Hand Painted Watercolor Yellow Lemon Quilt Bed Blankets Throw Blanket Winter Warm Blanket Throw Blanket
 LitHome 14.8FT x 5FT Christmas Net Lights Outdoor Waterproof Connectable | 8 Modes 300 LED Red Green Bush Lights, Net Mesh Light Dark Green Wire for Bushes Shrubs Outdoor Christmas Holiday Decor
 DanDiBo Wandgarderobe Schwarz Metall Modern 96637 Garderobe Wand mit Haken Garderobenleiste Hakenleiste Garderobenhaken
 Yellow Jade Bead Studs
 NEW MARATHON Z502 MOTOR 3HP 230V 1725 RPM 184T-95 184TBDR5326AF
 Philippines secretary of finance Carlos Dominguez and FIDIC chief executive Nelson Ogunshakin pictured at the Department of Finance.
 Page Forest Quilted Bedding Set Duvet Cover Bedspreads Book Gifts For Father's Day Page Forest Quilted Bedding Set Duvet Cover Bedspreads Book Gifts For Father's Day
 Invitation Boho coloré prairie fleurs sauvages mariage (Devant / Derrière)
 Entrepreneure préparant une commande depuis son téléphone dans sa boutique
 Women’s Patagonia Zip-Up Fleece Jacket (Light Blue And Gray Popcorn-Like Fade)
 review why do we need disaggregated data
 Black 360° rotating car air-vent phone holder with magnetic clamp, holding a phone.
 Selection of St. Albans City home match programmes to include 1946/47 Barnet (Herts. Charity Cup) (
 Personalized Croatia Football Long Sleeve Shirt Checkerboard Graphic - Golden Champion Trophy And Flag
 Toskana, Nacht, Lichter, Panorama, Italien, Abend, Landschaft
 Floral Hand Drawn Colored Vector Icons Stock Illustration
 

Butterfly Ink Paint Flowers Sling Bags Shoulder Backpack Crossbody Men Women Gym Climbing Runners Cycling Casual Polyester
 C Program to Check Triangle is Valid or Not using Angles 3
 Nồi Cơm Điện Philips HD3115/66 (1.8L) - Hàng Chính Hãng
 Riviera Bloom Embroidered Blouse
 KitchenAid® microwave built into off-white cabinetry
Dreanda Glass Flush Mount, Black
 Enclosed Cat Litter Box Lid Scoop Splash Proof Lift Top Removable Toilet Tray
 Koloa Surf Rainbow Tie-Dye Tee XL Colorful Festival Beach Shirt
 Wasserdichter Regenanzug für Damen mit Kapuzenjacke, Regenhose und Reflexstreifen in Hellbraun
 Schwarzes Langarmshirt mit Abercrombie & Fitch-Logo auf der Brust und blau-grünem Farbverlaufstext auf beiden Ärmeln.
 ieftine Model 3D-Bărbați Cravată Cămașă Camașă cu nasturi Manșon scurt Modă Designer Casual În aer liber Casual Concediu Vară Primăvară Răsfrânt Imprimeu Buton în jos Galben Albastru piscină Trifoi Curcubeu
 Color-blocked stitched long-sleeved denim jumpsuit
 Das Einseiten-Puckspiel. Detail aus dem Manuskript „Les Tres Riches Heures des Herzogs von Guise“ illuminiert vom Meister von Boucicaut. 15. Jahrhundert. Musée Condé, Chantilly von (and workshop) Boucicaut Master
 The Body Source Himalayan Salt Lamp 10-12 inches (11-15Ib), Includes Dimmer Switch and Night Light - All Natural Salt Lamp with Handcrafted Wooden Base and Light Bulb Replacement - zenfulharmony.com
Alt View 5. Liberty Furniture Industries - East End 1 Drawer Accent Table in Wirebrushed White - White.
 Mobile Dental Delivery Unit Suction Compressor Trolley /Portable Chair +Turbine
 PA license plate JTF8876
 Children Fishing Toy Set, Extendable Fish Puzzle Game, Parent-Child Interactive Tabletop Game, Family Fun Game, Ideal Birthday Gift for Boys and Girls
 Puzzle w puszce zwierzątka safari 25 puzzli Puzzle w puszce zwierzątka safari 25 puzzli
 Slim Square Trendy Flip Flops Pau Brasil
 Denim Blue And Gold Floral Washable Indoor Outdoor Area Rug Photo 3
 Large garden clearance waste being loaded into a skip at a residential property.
————————
▶ [Task statement] Go through the records and gather the lines that hold "Yellow".

▶ [Written solution]
Hand Painted Watercolor Yellow Lemon Quilt Bed Blankets Throw Blanket Winter Warm Blanket Throw Blanket
 Yellow Jade Bead Studs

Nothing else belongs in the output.